- Directed by: Damiano Damiani
- Written by: Damiano Damiani; Nicola Badalucco; Dino Maiuri; Massimo De Rita;
- Produced by: Mario Cecchi Gori
- Starring: Giuliano Gemma; Martin Balsam; Laura Trotter; Giancarlo Zanetti;
- Cinematography: Alfio Contini
- Edited by: Antonio Siciliano
- Music by: Riz Ortolani
- Production company: Capital Film
- Distributed by: Cineriz
- Release date: 15 August 1980 (Italy);
- Running time: 110 minutes
- Country: Italy
- Box office: ₤1.011 billion

= The Warning (1980 film) =

The Warning (L'avvertimento) is a 1980 Italian crime thriller film co-written and directed by Damiano Damiani, and starring Giuliano Gemma and Martin Balsam.

==Plot ==
During a delicate investigation into various personalities of the upper business and banking world, colluding with organized crime, the chief police inspector Vincenzo Laganà is killed in his office for not accepting a bribe. Meanwhile, Inspector Antonio Barresi is about to resign, after having found money credited to his bank account and having received a phone call from unknown persons who clarify how he will have to behave during the investigation that will follow the assassination of Laganà.

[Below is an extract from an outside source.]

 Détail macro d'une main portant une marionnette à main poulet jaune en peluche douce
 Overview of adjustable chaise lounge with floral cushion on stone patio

After having followed the assassins in vain, Barresi makes an agreement with the commissioner to resolve the case. Silvia, Laganà's widow, is blackmailed by a woman who says she has proof that the deceased commissioner was a corrupt man: the blackmailers are arrested, however.

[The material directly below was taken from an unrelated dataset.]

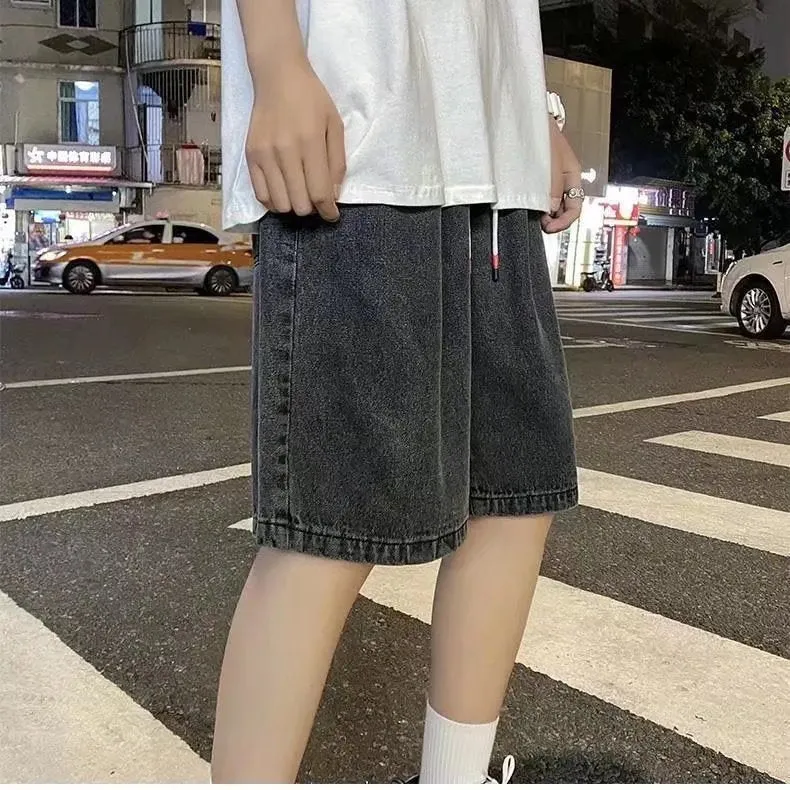 Men's loose straight casual cotton denim shorts in dark blue, front view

Barresi then questions Silvia and discovers that she had appropriated the bribe offered to her husband to bribe him, and manages to save her just a moment before the woman tries to commit suicide, desperate. At this point, Commissioner Barresi decides to play all out and go through with his investigation.

==Release==
The Warning was released in Italy on August 15, 1980 where it was distributed by Cineriz. It grossed a total of 1.011 billion Italian lire on its theatrical run. It received a Special Mention at the 1980 Taormina Film Fest, and won the 'Cinema for UNICEF' prize.